Pues bien, como decía al principio, entonces en muchas casas se utilizaba como producto para lavar las perolas, sartenes incluso platos, arenilla, sí arenilla que nunca supe si era caliza o de sílice pero limpiaba que es un primor.
Ese día 20, mi primo Pepe Luis y yo subimos al Paseo de las Flores y justo debajo de las rocas que hay en la bajada al gambullón había una cantera o al menos eso me parecía a mí con mis 8 años; pues bien cogimos una lata vacía y la llenamos de esa maravilla de arenilla color amarillento.
La felicidad que teníamos era tal que parecía tener en mis manos un verdadero tesoro y cuál fue nuestra idea, pues ni cortos ni perezosos bajamos por la calle Antequera pegando en la puerta de cada casa y preguntando:
– ¿Quiere usted arenilla para fregar?
– La vendemos barata, solo a perra gorda el puñado.
Y así una y otra casa, justo al final de la calle antes de llegar a la Cuesta Caracho, sin motivo aparente y sin golpe alguno empecé a sangrar por la nariz de forma alarmante.
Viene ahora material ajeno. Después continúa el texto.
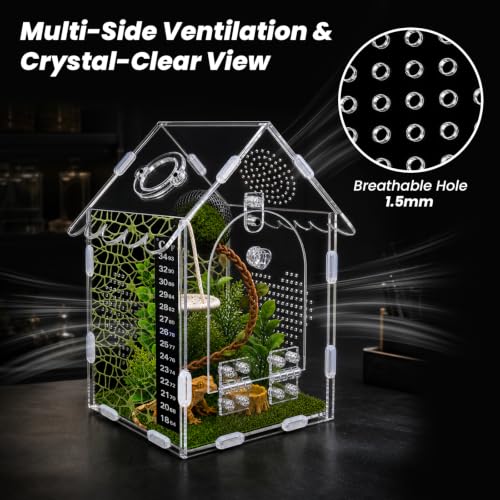 Jumping Spider Enclosure Kit, 5x5x8 Acrylic Terrarium Starter Set | Front-opening design Vertical habitat layout,Transparent viewing panels for desks, shelves and pet rooms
Mi primo Pepe Luis, gran guerrillero y acostumbrado al rojo elemento de la sangre me echó la cabeza hacia atrás, pero nada, aquello seguía manando como si fuera una fuente, pegamos en la primera puerta que vimos y la buena mujer nos metió hacia dentro y cual samaritana me puso un algodón con aceite en la nariz que funcionó.
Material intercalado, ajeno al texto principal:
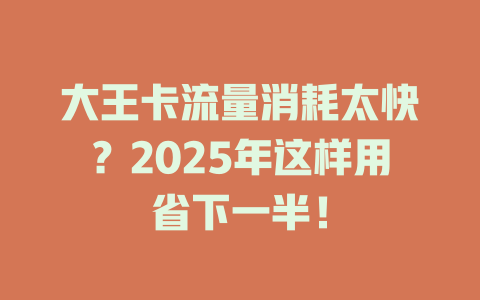 大王卡流量消耗太快？2025年这样用省下一半！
Con la ganancia obtenida, trece perras gordas, nos paramos en la tienda de Paquito Franco y ¡oh, milagro!, allí estaba la máquina que tanto nos gustaba, era roja y transparente, repleta de bolas de caramelo de todos los colores. Una a una fuimos echando cada perra gorda hasta llenarnos los bolsillos y la boca de bolas.
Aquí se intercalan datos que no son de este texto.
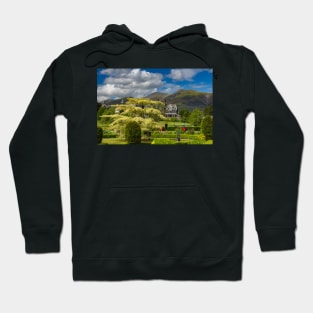 Windermere18 Hoodie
Cuando llegamos a casa y mi madre, bendita entre todas las mujeres, al verme con la nariz tapada por el algodón preguntó qué había pasado y el chivato de mi primo le contó con pelos y señales todo lo sucedido. La zapatilla en esta ocasión funcionó y recuerdo la preocupación de mi madre, más por lo que dirían las mujeres que me hubiesen visto vendiendo arenilla que por la hemorragia de la nariz, que por otra parte era habitual en aquella época que los niños sangraran por la nariz.